Colin was a goal scorer. As such, he was in demand up and down the country from the moment Peterborough United heard about him playing at just 15 years old for Heacham FC in the Eastern Counties League.
It was Colin’s dad, who wrote a letter to a director at Peterborough United. He sent it with some match report clippings from the Lynn News & Advertiser. This paternal initiative led to an invitation for a trial for his son.
The trial in the A team went well, Garwood scored three and his performance then and in a subsequent match, when he scored again, won him an apprentice’s contract. Although happy to be released from school to be a full-time football apprentice, there were aspects of his new working life that proved challenging.
“Give me a ball and I would happily practice day and night, but I was not keen on the physical training side of it. I found it boring.”

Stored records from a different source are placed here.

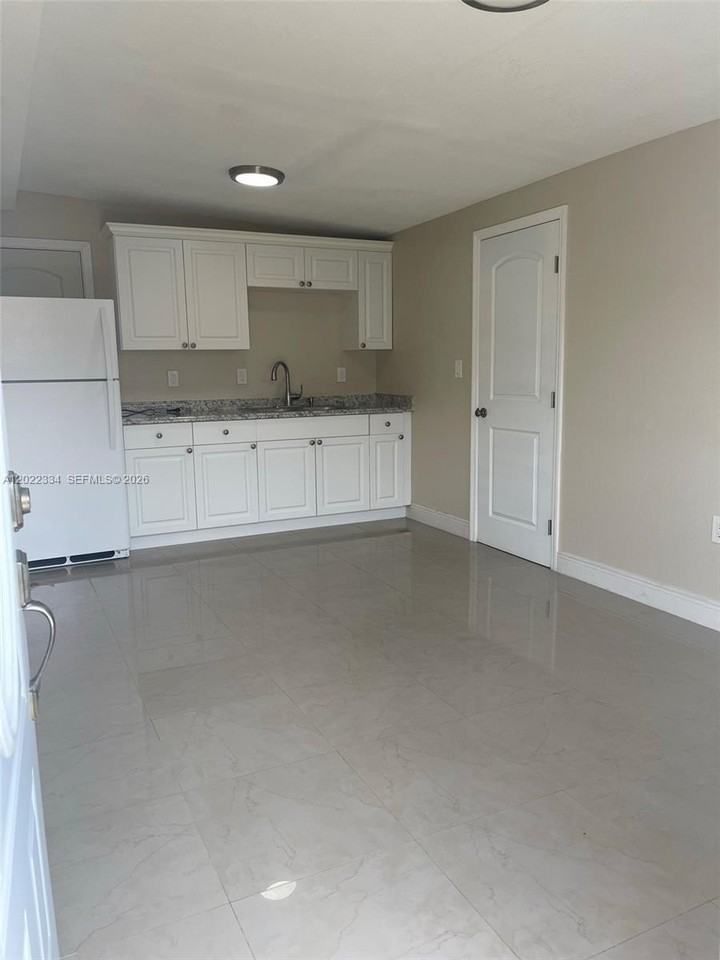 4617 Navarre Ave #B - Photo 3 of 9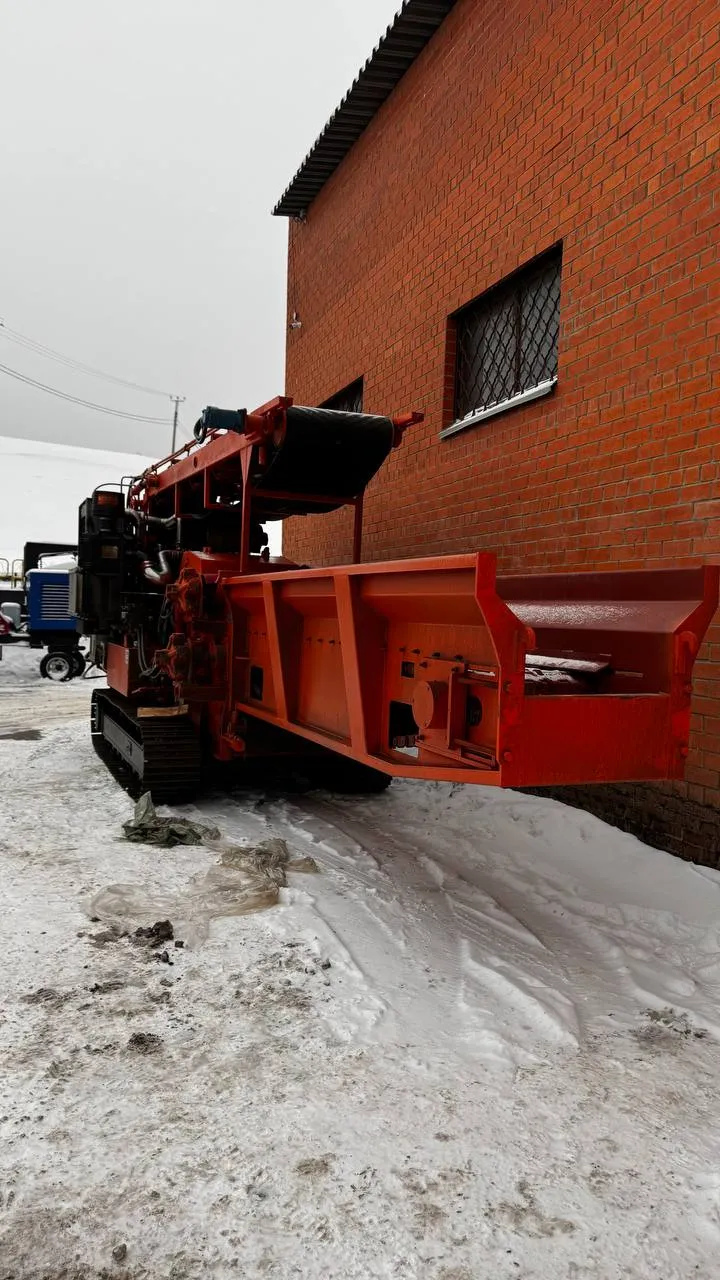 Измельчитель веток и древесины DH-220 на гусеничном ходу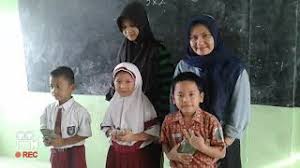 Saat beliau berdua masih hidup, tata ibadah yang diamalkan di masyarakat umumnya sama meski ada perbedaan yang sama sekali tidak mengganggu. Perpisahan Sd Swasta Hasanuddin Kec Medan Helvetia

One of the principles of training, certainly pre-season, was the whole squad going for a long run.
“I was new to the first team and not keen on the running. So, I was jogging along at the back of the line and found myself in the company of Tony Millington, the Welsh goalkeeper. ‘You better not hang about with us old ones here. I’ve done this enough. You’ve just begun your career. You better get up front.’ Millington told me in no uncertain terms.
“I made my way up the line to lead the run, setting a bit of a pace, feeling I was doing the right thing. Grateful for the advice from Tony. I had been heading the run for quite a while, when I heard a milk float coming up the road from behind me. As it passed there was Tony Millington and three, or four others, sitting on the back of the float, laughing and waving at me!”

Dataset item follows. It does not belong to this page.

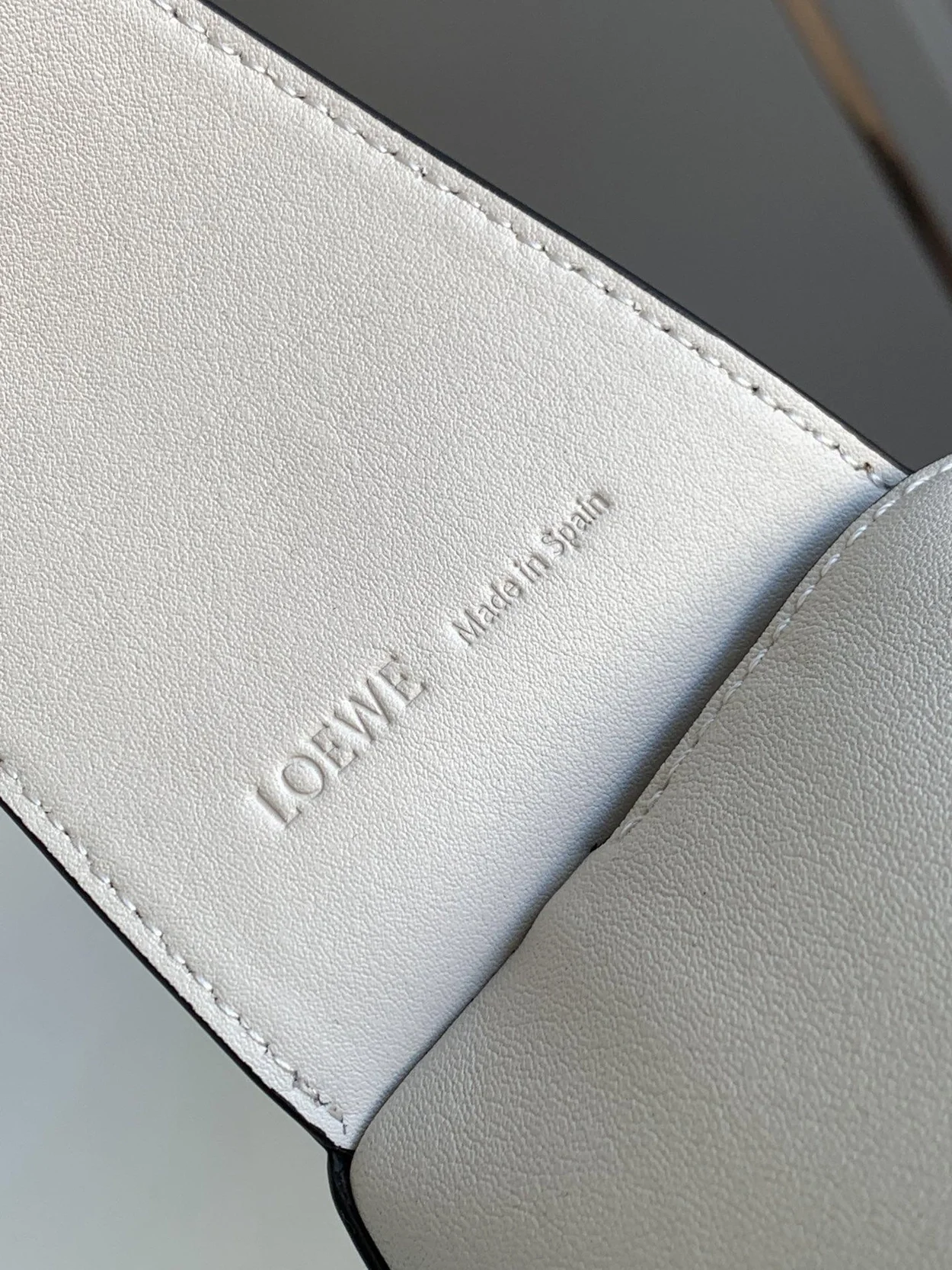 로에베 퍼즐 클래식 카프스킨 호보 백 화이트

Besides the running regime, some of the sports psychology of the time would raise an eye-brow or two these days. From Wednesday, until the pre-match warm up, Peterborough players were not allowed to train with the football.
“The thinking was players would be really hungry for the ball by Saturday afternoon, so we’d be more determined to fight for it during the match.” The ridiculousness of the concept still bemuses him today.

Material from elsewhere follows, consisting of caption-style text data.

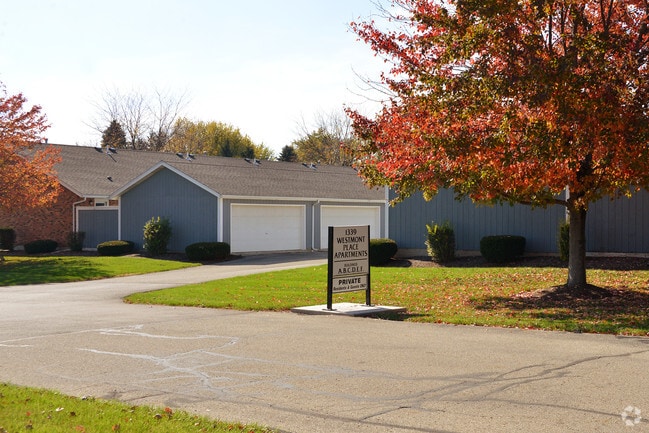Photo - Westmont Place Apartments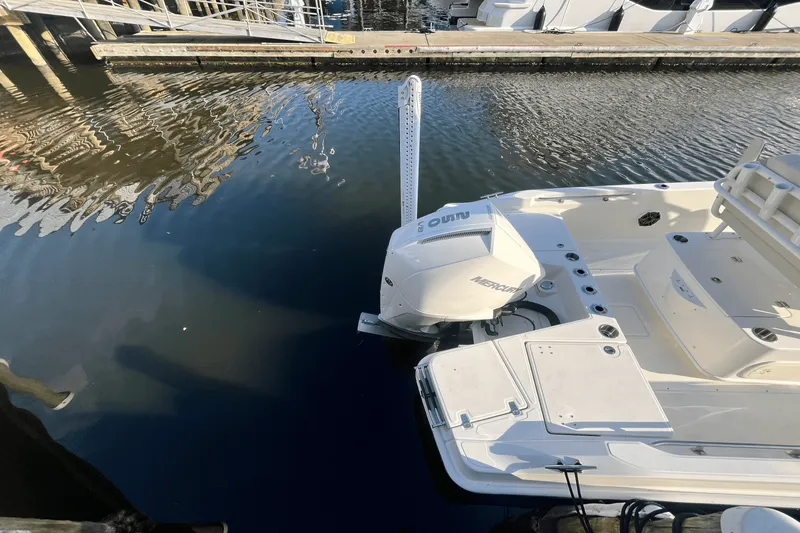 Slide: The Image of Boston Whaler 220 Dauntless 2025 - 10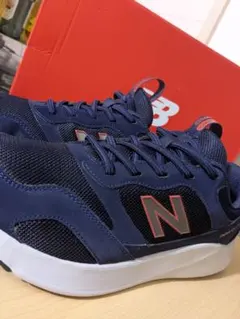 new balance DYNASOFT ネイビー スニーカー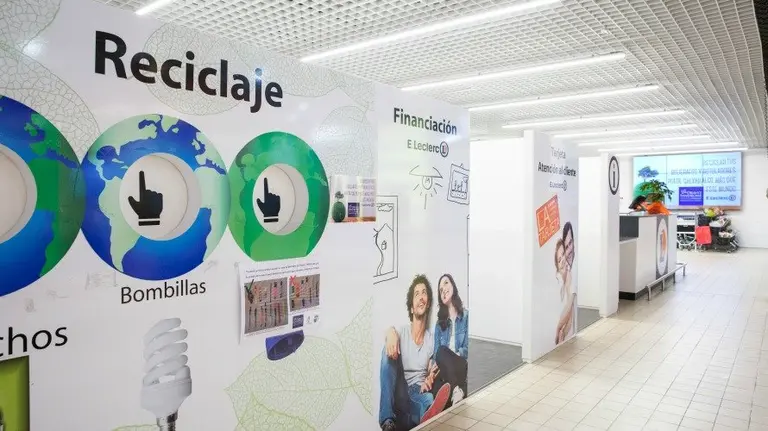 Punto de recogida de material escolar y de oficina en E.Lecrerc Pamplona para colaborar con Fundación Síndrome de Dravet.
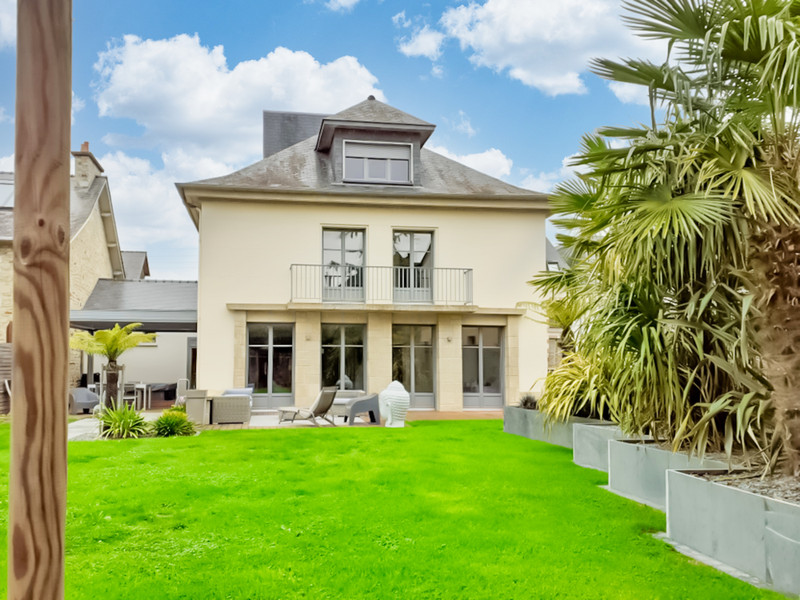 French property for sale in Vitré, Ille-et-Vilaine - €1,260,000 - photo 0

By 18, Coin Garwood was ready for first team football. He travelled on the first team bus to Dean Park, where Peterborough United were to take on Bournemouth & Boscombe Athletic Football Club. Besides making his first team debut there, the young Garwood was made responsible for hauling about the two skips that held the team kit. There was a pecking order, even in the first team.

“I scored on my debut. A shot to the top left corner!” he recalls, eyes lighting up.
“On the way back to the halfway line, I asked the referee how much time was left. We had gone 3-2 up and having scored on my debut, I was wondering if I had scored the winner too.”
The match eventually ended 3-3, with Garwood substituted, but it was an encouraging start.
Towards the end of that 1967/68 season, having retained the No 7 shirt, Garwood hit a purple patch, scoring four in the last two matches of the season.
The local derby for The Posh is against The Cobblers of Northampton Town. Colin is still the only player to score a hat-trick for Peterborough United against them, as he did that afternoon. He finished the season with the opener against another relatively local opponent, Colchester United, who were demolished 1-5 at their home, Layer Road.
When he left to the London Road club to join Oldham Athletic after the end of the 1970/71 season, he was scoring at a rate of more than a goal every other game for Peterborough. This move from his local club would not be the last time that a club decided they could bring in some cash from moving Garwood on.
Colin was sold to The Latics for £10,000 where the player-manager at Boundary Park was Jimmy Frizzell, a left-back from Scotland. In his first full season, Frizzell’s team won the Third Division title, with Colin Garwood and Andy Lochhead working as a classic big man / little man double-act in attack.
Mention of Oldham prompted an aside about playing Manchester United in a pre-season match.
“I arrived at Oldham and we were told that we would be playing a friendly at The Cliff, Manchester United’s famous training ground. United still had most of their European Cup winning team from 1968. I played right wing and I was up against their number 11, George Best.
“We lost 7-0 and Best scored five. I am still not sure what we got out of that training match behind closed doors, but it was quite a thing to be up against Best and Bobby Charlton.”
Colin joined Pompey from Colchester United. He signed for what was arguably the worst team the Fratton Park fans have ever seen. Liverpool legend, Ian St. John had been unable to galvanise an ageing squad during a desperate time for the club and Jimmy Dickinson had been asked to take on the manager’s job.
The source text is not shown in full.